Monday, September 13, 2010

late naattttttt

idk. that's supposed to say "late night" but i wanted to write it just like it sounded in my head. and that is what is sounds like...meh

i've been working a lot lately. and today i found out that i'm a fun person to work with. which makes me super happy. now my head is a little larger (did not know that could happen).

i guess maybe right now, is a deep thought moment. a deep feeling moment.

recently, i made amends with an old friend that i've been not so friendly with since like...febuary. is that how you spell febuary? shit. idk. but anyways. i guess what it all comes down to is how much effort i'm willing to put into having bad feelings towards someone.

as many mean/cruel things that have been said back and forth between two people, if these two people have a good history/past between them, there is nothing that can't be fixed. as much animosity there is between those two people, there are at least twice as many good memories, if not/probably much more.

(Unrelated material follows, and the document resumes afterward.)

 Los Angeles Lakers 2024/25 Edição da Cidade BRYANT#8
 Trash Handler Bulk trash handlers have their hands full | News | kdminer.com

although throughout the end of spring semester i was hot headed and still angry about the situations and circumstances that arose at the beginning of this year, i did not realize that i hated the situation and the time more than i hated the person. when it comes down to it, i didn't/don't hate the person at all.

whenever we/people are in a fight, they are so caught up in the things that the other person did to them. we always get so caught up on how hurt we are, how angry we are...thinking "how could they do that to me?" when in reality, the other person is thinking the exact same thing. when we fight, we get selfish. we never think of the harm we are doing to others by being mad/mean/hurtful to them.

our feelings and pride are cut hard when we hear that the other person was talking behind our backs. and in retaliation, we say even crueler things. we blow up situations way beyond what needs actually happened. we retell the same stories. we blame the other person for all our troubles. but in reality, we get tired of it. the hate hurts us more than the other person. the other person may not even be thinking about me and i'm still wasting my time trying to come out on top. it gets tiring, it wears on the soul. we say it doesn't affect us anymore. we say we're over it and it's not even relevant in our lives. but until there is some sort of closure, some sort of concluding argument or make up, it's still very relevant in our lives.

i'm guilty of all these things on several different occasions. there are still people out there that i haven't made up with. but honestly, getting back one friend is such a relief. my whole body and spirit is lifted. and even though i haven't seen this person yet and possibly may not see them for a long while, the first thing i want to do is give them a hug and let them know face to face that i meant every word i said in my long, drawn out, and extremely late apology. i'm sure/really hope they feel the same. and i swear i won't let the past affect how i treat them in the future.